● **Work item**:
The stretch wanted below opens at the line containing "Children’s socks at CON in Namdaemun Market" and closes at the line containing "Numbing quotes by Emile Zola". Please return it exactly, with no other lines.

Records from a collection:
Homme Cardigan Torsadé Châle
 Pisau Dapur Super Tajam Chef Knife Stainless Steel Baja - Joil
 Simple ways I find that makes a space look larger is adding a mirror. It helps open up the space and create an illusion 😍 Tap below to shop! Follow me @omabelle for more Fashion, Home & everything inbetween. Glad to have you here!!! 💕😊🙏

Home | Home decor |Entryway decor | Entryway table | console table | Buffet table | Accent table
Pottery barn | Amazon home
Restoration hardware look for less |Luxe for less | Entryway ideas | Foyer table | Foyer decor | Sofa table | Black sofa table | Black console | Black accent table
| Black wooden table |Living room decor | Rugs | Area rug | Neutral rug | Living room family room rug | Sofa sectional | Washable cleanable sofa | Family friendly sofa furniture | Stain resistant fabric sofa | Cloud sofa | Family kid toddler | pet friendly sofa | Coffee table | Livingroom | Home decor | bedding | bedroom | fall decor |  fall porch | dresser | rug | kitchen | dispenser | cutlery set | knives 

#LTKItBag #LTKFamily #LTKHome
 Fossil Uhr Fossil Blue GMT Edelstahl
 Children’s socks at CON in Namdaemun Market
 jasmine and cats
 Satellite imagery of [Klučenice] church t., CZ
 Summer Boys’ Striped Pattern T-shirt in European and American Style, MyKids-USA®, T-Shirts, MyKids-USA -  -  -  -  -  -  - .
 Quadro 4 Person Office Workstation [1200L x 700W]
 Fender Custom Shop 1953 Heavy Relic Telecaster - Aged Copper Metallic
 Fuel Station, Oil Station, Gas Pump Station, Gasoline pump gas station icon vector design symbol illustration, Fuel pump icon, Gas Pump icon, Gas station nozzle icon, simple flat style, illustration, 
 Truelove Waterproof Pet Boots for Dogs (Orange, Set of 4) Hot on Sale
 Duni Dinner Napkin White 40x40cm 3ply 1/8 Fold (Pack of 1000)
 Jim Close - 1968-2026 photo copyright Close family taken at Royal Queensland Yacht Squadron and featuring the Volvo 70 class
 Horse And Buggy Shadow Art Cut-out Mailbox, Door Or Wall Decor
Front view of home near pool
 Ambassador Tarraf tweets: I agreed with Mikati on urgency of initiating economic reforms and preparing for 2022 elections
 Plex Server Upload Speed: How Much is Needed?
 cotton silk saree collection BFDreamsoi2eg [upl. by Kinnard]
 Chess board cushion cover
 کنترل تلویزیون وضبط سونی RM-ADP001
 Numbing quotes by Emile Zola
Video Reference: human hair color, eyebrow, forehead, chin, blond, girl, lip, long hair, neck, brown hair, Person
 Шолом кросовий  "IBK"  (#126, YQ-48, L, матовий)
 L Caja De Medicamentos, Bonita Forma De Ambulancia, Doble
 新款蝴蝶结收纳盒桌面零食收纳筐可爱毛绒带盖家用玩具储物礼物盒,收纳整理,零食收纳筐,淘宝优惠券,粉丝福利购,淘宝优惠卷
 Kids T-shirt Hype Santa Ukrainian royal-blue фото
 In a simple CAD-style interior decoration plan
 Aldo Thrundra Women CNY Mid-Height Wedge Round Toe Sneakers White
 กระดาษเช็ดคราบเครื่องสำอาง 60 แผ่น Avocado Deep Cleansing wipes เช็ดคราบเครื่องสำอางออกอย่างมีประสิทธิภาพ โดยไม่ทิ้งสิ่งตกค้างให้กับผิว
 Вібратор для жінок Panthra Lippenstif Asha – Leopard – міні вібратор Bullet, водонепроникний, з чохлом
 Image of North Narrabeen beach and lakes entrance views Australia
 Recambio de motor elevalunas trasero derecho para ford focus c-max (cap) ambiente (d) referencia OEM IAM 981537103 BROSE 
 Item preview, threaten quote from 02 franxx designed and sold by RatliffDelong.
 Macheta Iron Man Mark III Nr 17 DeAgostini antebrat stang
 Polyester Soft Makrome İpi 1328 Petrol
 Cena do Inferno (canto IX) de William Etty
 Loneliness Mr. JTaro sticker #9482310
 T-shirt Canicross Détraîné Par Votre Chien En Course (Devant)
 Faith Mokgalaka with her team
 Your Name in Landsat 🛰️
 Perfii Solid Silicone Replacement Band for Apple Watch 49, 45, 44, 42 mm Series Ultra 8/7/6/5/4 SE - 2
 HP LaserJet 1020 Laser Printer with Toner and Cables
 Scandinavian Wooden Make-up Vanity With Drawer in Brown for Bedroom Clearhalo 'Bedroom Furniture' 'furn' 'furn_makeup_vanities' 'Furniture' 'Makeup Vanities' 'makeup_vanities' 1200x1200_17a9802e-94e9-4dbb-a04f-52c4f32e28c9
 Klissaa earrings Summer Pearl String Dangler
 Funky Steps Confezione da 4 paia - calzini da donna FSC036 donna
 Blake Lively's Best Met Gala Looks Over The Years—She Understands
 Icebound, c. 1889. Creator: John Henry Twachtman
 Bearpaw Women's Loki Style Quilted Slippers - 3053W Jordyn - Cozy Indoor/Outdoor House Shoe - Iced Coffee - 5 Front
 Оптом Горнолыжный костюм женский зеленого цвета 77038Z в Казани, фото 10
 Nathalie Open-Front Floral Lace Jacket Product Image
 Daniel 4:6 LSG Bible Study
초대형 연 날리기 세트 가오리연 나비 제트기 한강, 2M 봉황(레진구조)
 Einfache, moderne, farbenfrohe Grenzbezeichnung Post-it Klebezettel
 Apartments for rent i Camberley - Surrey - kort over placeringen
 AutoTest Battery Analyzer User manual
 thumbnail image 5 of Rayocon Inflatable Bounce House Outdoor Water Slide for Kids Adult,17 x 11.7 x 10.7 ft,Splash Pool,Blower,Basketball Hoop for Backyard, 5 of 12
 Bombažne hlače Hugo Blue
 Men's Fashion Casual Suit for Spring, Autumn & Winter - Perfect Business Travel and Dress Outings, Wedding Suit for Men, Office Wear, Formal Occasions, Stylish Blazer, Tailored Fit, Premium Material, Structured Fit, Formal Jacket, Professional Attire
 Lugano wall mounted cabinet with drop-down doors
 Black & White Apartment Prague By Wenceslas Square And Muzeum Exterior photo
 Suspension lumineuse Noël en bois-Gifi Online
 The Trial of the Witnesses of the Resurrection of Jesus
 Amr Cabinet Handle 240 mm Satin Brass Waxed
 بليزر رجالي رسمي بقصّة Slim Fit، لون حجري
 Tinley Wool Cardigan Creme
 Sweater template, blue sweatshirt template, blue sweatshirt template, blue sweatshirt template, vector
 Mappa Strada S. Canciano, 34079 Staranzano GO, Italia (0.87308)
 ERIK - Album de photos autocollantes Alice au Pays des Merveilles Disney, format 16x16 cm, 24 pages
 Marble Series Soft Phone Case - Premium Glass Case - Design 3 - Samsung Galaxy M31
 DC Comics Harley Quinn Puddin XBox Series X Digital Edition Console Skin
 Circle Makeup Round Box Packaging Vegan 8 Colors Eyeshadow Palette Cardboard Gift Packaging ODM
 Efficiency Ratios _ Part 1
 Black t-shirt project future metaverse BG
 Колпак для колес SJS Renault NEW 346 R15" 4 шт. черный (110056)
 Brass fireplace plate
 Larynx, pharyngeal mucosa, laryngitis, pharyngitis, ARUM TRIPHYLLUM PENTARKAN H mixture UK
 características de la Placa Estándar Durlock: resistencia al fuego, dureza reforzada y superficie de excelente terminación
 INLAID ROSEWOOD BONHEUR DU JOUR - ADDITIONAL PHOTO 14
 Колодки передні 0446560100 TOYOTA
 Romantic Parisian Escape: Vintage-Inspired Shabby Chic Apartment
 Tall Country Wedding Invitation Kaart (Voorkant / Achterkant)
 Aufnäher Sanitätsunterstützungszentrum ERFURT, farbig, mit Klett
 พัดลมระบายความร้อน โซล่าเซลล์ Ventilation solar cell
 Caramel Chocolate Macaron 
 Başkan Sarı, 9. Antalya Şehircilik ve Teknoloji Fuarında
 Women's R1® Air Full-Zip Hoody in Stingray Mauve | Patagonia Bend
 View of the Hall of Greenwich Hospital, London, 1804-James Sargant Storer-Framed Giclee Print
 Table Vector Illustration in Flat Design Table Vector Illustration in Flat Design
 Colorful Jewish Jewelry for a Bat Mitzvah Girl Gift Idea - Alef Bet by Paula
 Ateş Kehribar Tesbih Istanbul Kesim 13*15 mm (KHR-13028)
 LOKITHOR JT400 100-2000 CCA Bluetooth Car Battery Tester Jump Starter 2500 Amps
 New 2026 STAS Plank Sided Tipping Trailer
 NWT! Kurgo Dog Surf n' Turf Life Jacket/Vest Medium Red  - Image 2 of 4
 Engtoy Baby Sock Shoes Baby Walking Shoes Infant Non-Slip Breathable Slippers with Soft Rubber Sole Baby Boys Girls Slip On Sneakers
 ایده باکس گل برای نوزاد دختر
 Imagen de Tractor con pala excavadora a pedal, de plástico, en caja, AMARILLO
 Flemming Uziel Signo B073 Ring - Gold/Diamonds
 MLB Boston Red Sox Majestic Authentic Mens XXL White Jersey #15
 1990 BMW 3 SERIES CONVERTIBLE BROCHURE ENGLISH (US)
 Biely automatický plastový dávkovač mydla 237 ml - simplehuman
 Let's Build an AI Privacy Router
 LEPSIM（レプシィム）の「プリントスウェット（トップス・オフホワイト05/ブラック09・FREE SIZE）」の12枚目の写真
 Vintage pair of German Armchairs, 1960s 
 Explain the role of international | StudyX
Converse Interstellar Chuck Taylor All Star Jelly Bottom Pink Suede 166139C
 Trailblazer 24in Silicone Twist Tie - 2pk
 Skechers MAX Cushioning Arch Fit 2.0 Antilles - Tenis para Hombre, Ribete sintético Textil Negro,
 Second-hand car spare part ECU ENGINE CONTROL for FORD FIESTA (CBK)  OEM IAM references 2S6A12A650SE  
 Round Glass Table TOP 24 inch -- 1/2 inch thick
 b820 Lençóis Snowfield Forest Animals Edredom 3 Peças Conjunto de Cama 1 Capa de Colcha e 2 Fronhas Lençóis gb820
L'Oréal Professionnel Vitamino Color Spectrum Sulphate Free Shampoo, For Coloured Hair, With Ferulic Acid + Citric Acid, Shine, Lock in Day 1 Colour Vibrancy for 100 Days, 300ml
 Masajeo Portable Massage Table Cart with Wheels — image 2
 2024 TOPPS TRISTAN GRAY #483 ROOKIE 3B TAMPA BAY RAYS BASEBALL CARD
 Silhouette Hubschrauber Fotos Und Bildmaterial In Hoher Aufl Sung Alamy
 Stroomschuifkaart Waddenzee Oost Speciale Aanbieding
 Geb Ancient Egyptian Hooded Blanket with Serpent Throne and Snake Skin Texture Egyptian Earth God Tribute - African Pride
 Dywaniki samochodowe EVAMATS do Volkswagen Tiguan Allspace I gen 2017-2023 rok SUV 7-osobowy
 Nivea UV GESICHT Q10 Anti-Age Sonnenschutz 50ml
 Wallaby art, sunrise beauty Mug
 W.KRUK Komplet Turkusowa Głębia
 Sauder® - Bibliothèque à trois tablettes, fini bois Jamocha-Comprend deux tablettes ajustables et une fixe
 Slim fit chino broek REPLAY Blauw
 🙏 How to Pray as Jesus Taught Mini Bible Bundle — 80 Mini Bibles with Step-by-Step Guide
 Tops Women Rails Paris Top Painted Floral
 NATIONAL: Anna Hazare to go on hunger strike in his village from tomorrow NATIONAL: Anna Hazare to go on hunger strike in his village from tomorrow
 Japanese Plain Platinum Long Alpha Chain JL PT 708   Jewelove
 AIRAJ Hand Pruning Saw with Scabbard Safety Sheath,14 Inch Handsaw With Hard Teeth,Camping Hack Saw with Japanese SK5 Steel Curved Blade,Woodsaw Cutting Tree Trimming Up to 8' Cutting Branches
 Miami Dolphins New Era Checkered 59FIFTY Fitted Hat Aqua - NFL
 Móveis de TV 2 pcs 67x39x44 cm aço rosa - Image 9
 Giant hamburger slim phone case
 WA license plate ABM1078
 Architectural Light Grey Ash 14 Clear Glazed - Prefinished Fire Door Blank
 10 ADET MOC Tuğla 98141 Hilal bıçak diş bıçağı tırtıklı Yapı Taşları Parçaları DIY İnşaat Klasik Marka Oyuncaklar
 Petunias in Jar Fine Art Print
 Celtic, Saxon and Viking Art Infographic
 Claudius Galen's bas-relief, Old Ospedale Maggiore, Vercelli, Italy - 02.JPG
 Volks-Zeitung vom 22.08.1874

● **Answer area**:
 Children’s socks at CON in Namdaemun Market
 jasmine and cats
 Satellite imagery of [Klučenice] church t., CZ
 Summer Boys’ Striped Pattern T-shirt in European and American Style, MyKids-USA®, T-Shirts, MyKids-USA -  -  -  -  -  -  - .
 Quadro 4 Person Office Workstation [1200L x 700W]
 Fender Custom Shop 1953 Heavy Relic Telecaster - Aged Copper Metallic
 Fuel Station, Oil Station, Gas Pump Station, Gasoline pump gas station icon vector design symbol illustration, Fuel pump icon, Gas Pump icon, Gas station nozzle icon, simple flat style, illustration, 
 Truelove Waterproof Pet Boots for Dogs (Orange, Set of 4) Hot on Sale
 Duni Dinner Napkin White 40x40cm 3ply 1/8 Fold (Pack of 1000)
 Jim Close - 1968-2026 photo copyright Close family taken at Royal Queensland Yacht Squadron and featuring the Volvo 70 class
 Horse And Buggy Shadow Art Cut-out Mailbox, Door Or Wall Decor
Front view of home near pool
 Ambassador Tarraf tweets: I agreed with Mikati on urgency of initiating economic reforms and preparing for 2022 elections
 Plex Server Upload Speed: How Much is Needed?
 cotton silk saree collection BFDreamsoi2eg [upl. by Kinnard]
 Chess board cushion cover
 کنترل تلویزیون وضبط سونی RM-ADP001
 Numbing quotes by Emile Zola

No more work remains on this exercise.